Problem: The reply should be one number: how many lines of the data below contain "Used".

-- Materials provided follows --

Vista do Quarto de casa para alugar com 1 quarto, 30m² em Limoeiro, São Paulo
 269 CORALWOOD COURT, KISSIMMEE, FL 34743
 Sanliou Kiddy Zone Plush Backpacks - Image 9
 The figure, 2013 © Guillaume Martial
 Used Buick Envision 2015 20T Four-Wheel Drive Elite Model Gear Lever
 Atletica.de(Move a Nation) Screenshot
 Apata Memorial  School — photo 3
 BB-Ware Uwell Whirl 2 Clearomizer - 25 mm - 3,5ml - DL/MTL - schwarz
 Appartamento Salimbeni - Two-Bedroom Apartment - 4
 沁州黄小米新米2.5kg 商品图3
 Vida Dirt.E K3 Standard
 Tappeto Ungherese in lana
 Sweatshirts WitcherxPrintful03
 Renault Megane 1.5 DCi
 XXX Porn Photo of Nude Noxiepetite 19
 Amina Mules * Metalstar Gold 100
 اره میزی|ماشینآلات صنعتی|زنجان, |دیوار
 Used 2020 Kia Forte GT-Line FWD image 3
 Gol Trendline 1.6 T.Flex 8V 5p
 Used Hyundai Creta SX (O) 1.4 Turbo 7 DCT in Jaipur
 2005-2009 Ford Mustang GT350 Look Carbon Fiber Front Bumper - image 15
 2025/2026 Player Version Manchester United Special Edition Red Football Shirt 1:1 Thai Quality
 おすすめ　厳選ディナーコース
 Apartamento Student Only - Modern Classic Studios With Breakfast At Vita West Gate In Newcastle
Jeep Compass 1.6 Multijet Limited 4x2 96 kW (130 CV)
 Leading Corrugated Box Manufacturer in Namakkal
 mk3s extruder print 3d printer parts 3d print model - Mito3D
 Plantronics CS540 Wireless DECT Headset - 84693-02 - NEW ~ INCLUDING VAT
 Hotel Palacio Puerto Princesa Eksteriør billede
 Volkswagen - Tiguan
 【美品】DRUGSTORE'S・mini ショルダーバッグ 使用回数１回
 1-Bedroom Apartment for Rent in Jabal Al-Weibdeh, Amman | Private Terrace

-- Materials provided concluded --

Answer to this exercise: 3